Always go to seminars in San Francisco. (The S Rule.)

A piece of the pie

 The businesses that surround public education multiply at an astonishing rate when education budgets grow. If you thought junk mail was diminishing because of email, you better get a bigger mailbox at school.

I read stories to my class. I start the year by reading The Little Red Hen to my class. Though it is a Golden Book intended for much younger children, it carries a timeless truth — Do the work, reap the reward. Middle school students react differently when I introduce the book. I hear many groan and say, “I’ve read it already.” Some smile and turn to their friends. “It’s my favorite.” Some just look at me like a dumb farm animal and moo. But as soon as I begin to read, all eyes are on me.

The antagonists in the story are a group of three farm animals—the dog, the horse, and the pig. They follow and watch the little red hen as she does all the work to bake a loaf of bread. They never offer to help, never help when asked (until it’s time to eat the bread), and are generally pretty worthless as farm animals. While the little red hen does the work that needs to be done, the other animals are along for the ride.

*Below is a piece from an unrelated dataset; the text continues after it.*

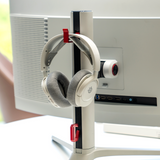 34' Curved Monitor - detail view | Silarius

In public education, the schools are the little red hen, and the farm animals are everyone else.

Money, money, money, money!

 Around $70 billion is spent on K-12 education annually in California. I can’t remember the last time I saw that much money because I never have seen that much money, and certainly not at my school. When that much money is on the table, you can bet that public education’s long, lost relatives are going to show up. Long, lost relatives can smell money. And they show up every day at school!

Around the state-run business of public education, there swirls a tornado of individuals, businesses, schools, publishers, and various and sundry opportunists who attempt to rake off some of the state’s money designated for public education. They try to get a slice of the daily bread that is baked by public schools.

One month, I had nothing better to do after school than prepare lessons, grade papers, and collect all the junk mail that ended up in my teacher mailbox. 143 pieces of mail got stacked on a table in my class. The stack was almost as tall as a first grader. I collected brochures from individuals who tried to get me to sign up for this or that product they had developed. Companies peddled their latest solution to the education woes of California. Publishers offered the latest, sure-fire book promising to inspire kids to read. But what outnumbered everything were advertisements for seminars.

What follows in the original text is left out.